### RAW DATA:
● ● ● ●

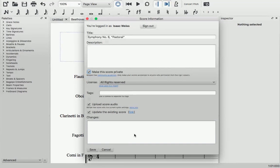Also, if you're updating a score you already have uploaded, there is a new field where you can keep a log of the changes.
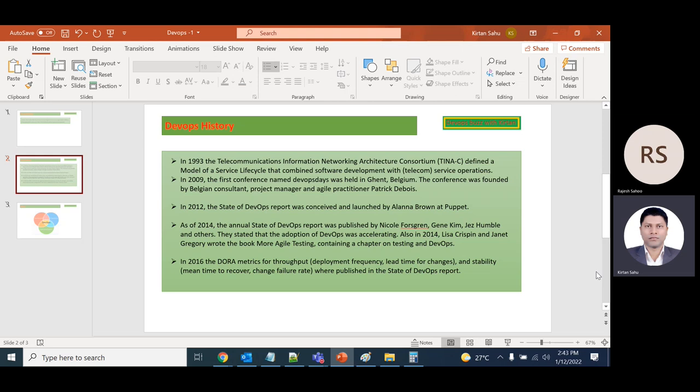the Telecommunications Information Networking Architecture defined a model of a service lifecycle that combined software development with service operations. This was the initial starting point in early 1993.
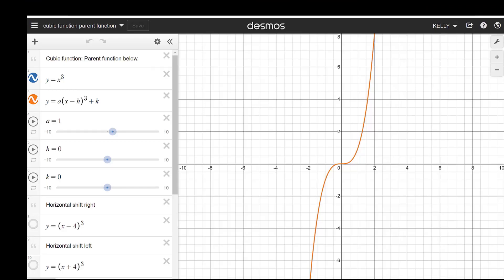Welcome to lesson 2.2.1. This particular lesson has to do with transformations. We spend a lot of time working on transformations for quadratics, but this is going to work on transformations for five other functions.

● ● ● ●

A word-for-word reprint of the listing above is needed, minus the pictures.

### OUTPUT FOR THIS TASK:
Also, if you're updating a score you already have uploaded, there is a new field where you can keep a log of the changes.
the Telecommunications Information Networking Architecture defined a model of a service lifecycle that combined software development with service operations. This was the initial starting point in early 1993.
Welcome to lesson 2.2.1. This particular lesson has to do with transformations. We spend a lot of time working on transformations for quadratics, but this is going to work on transformations for five other functions.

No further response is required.